Though designed as a mere convenience, clothing sizes establish an unintended norm, an ideal from which deviations seem like flaws. There’s nothing like a trip to the dressing room to convince a woman—fat, thin, or in between—that she’s a freak. Her torso is too long for the jacket or too short for the dress. Her arms are too short for the blouse that fits her bust. Her seat is too flat for the pants that hug her waist. Her hips nearly split the skirt that fits her waist. The more tailored the garment, the greater the problem. (Men’s clothes are easier, because they tend to be looser and because, as one industry expert puts it, men “have fewer bumps.”) Jeans are particularly troublesome. With its body-hugging fit, America’s egalitarian uniform provides little room to hide deviations from the norm.

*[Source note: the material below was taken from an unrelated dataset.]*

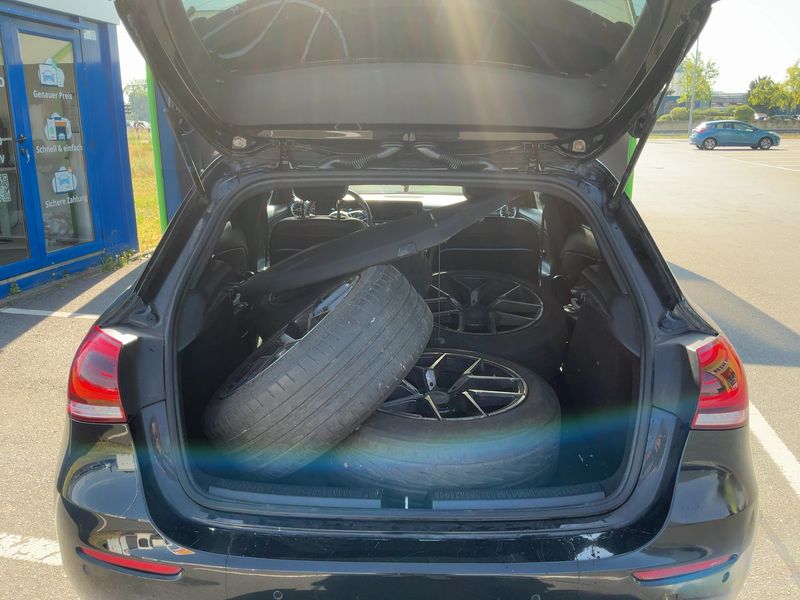 Mercedes-Benz A-Klasse A 180 d 2019 – снимка 16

And nobody’s normal. Sizes are standardized. Bodies aren’t.
Not so. The real problem is that there are no standard sizes. Ask any woman trying on clothes: In one brand you wear a 6, in another a 4 and in a third a 12. Not to mention S, M, L. One brand's S often turns out to be another brand's L.
Once upon a time, I'm told, one could reliably be a size XYZ. And there were variations in fit, too. There used to be a distinction between junior and missy sizing; I believe juniors were for shorter-waisted women. Now the distinction seems to be that junior sizes are tighter, less well made and way too young for anyone over 18.
This doesn't solve the problem of having a different size top and bottom--a problem for many women--but it at least helps eliminate uncertainty. And the freakish feeling Virginia describes.
And men don't have it easier because they have fewer bumps; they have it easier because their clothing actually still comes in standard sizes. A man wants a dress shirt, he measures his neck and his sleeve and--presto, chango--he knows what size to buy. A man wants an off-the-rack suit, he goes in the store, the salesperson measures him and he's got a suit. A suit with free alterations to eliminate the differences between a man's nonstandard body and his standard-sized suit.